Data ▸
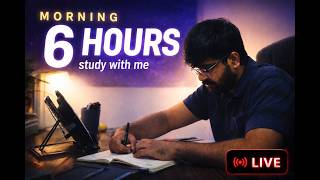 Study With Me 📚 | 6 Hour Deep Focus | Medical Exams | NEET SS SURGERY | Day 112/300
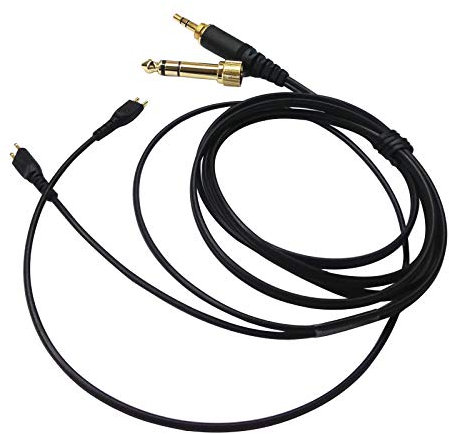 OFC kabel kompatibel mit Sennheiser HD25, HD 25-1, HD25-1 II, HD25-13, HD25-C, Amperior Kopfhörer, 1,5 m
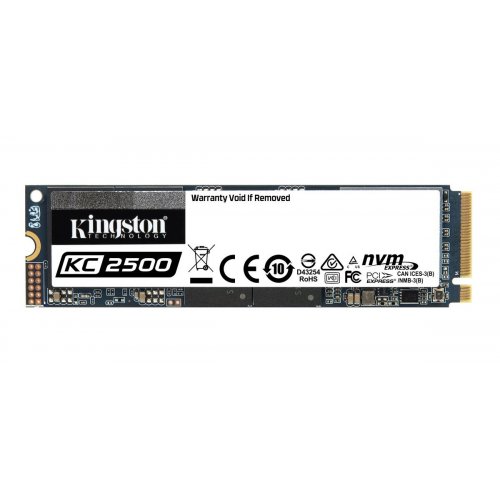 Купить Ssd-диск Kingston KC2500 3D NAND TLC 1TB M.2 (2280 PCI-E) NVMe x4 (SKC2500M8/1000G) (Восстановлено продавцом, 779458) с проверкой совместимости: обзор, характеристики, цена в Киеве, Днепре, Одессе, Харькове, Украине | интернет-магазин TELEMART.UA фото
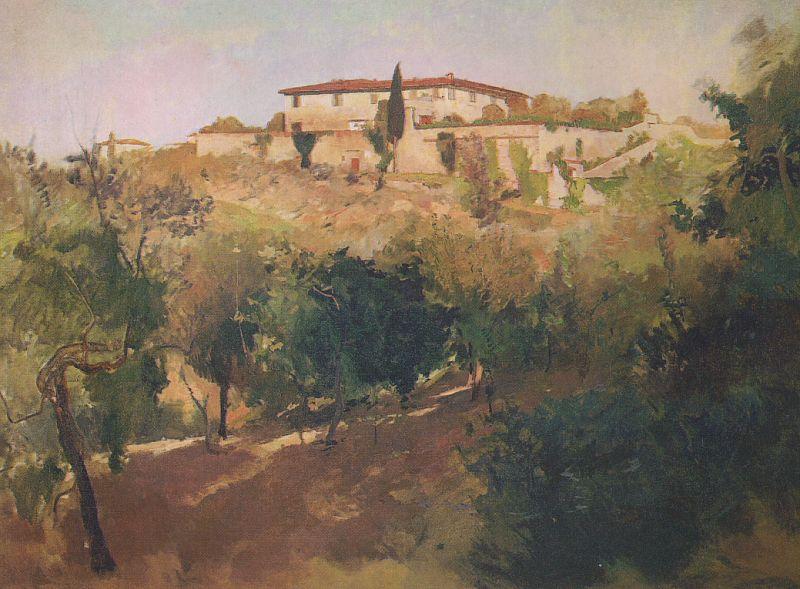 Frank Duveneck Villa Castellani, Bellosguardo Germany oil painting art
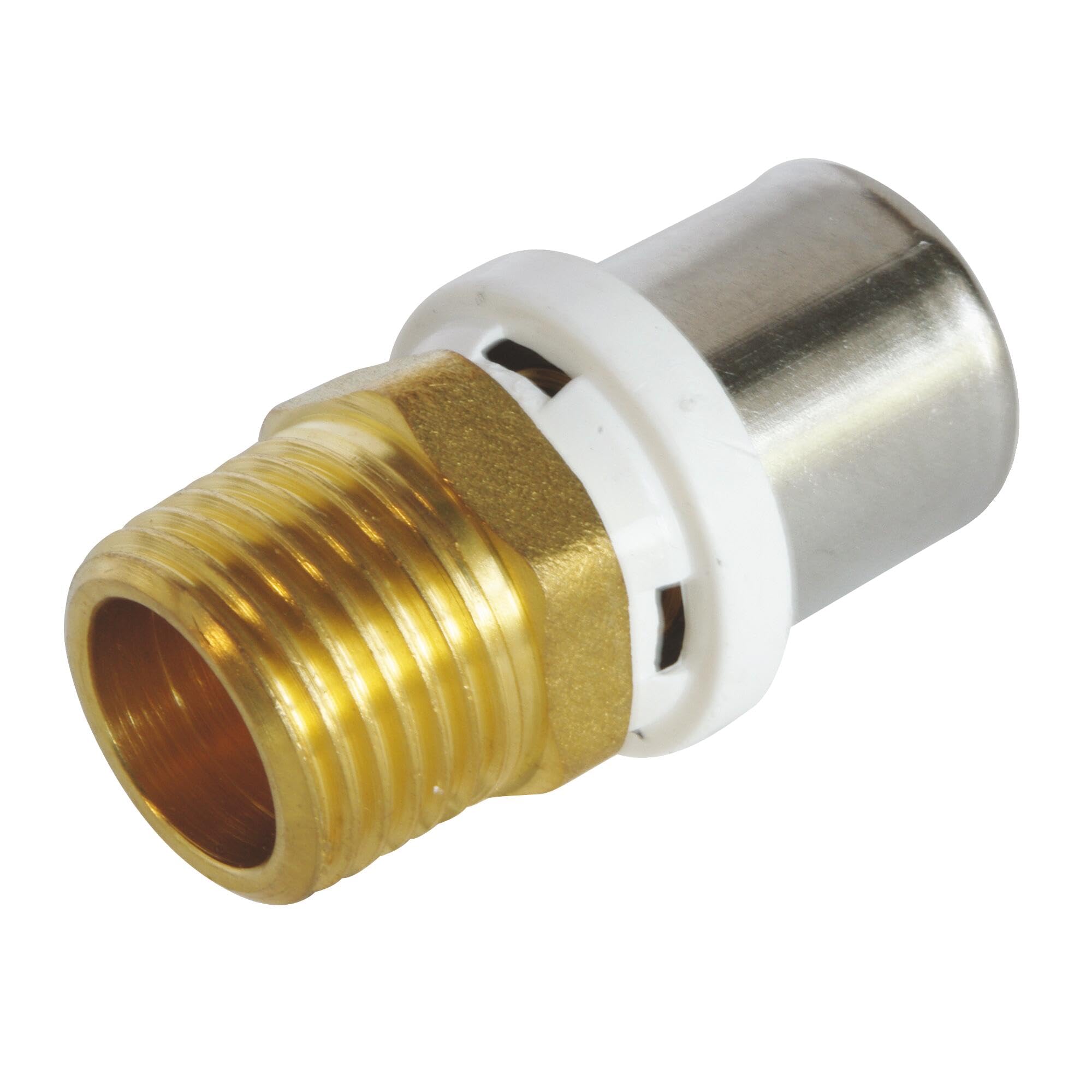 Somatherm 5608-20-15 Male Straight Connector 20 x 1/2 Grey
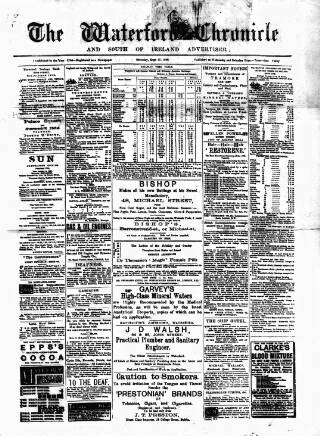 cover page of Waterford Chronicle published on September 17, 1898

What the task asks ▸
I need the entries printed exactly, with each picture left out.

Task solution ▸
 Study With Me 📚 | 6 Hour Deep Focus | Medical Exams | NEET SS SURGERY | Day 112/300
 OFC kabel kompatibel mit Sennheiser HD25, HD 25-1, HD25-1 II, HD25-13, HD25-C, Amperior Kopfhörer, 1,5 m
 Купить Ssd-диск Kingston KC2500 3D NAND TLC 1TB M.2 (2280 PCI-E) NVMe x4 (SKC2500M8/1000G) (Восстановлено продавцом, 779458) с проверкой совместимости: обзор, характеристики, цена в Киеве, Днепре, Одессе, Харькове, Украине | интернет-магазин TELEMART.UA фото
 Frank Duveneck Villa Castellani, Bellosguardo Germany oil painting art
 Somatherm 5608-20-15 Male Straight Connector 20 x 1/2 Grey
 cover page of Waterford Chronicle published on September 17, 1898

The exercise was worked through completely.